Am Mittag kommt ein junger Mann gelaufen und teilt mit, daß sich in der Hauptstraße eine Demonstration formiert habe. Schüler des Berufsschulzentrums haben spontan beschlossen, den Unterricht vorzeitig zu beenden und ihren Protest kundzutun. Nicht alle machen mit, aber mehr als 200 sind es doch, die im Nieselregen schweigend durch die Stadt ziehen. „Wird sich die deutsche Geschichte wiederholen?“, steht auf einem schnell gefertigten Karton.

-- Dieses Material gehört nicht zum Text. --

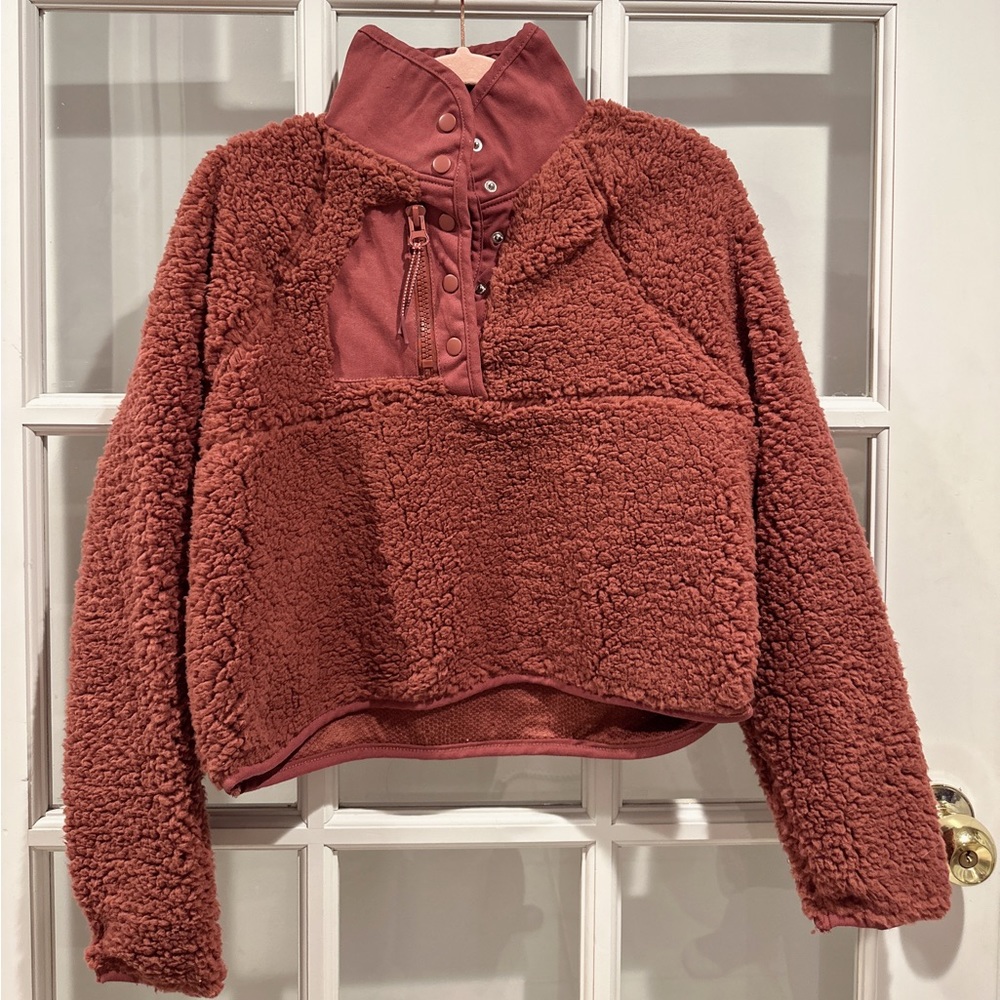 💘FOREVER 21, snap front boxy Sherpa pullover💘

Der Zug schwillt an auf etwa 500 Menschen, Passanten gesellen sich zu den Demonstrierenden, auch einige der zahlreich angereisten Journalisten, und auch die aus Kiel herbeigeeilte Präsidentin des schleswig-holsteinischen Landtages, Ute Erdsiek-Rave (SPD). Auch sie ist sichtlich schockiert über das Verbrechen, dessen Urheber zunächst unbekannt bleiben. Lediglich ein Nachbar des Hauses in der Ratzeburger Straße weiß zu berichten, daß er kurz vor Ausbruch des Brandes die quietschenden Reifen eines davonfahrenden Autos gehört habe.

Quelle: Klaus Brill, „Meine Kinder, die verbrennen!“, Süddeutsche Zeitung, 24. November 1992.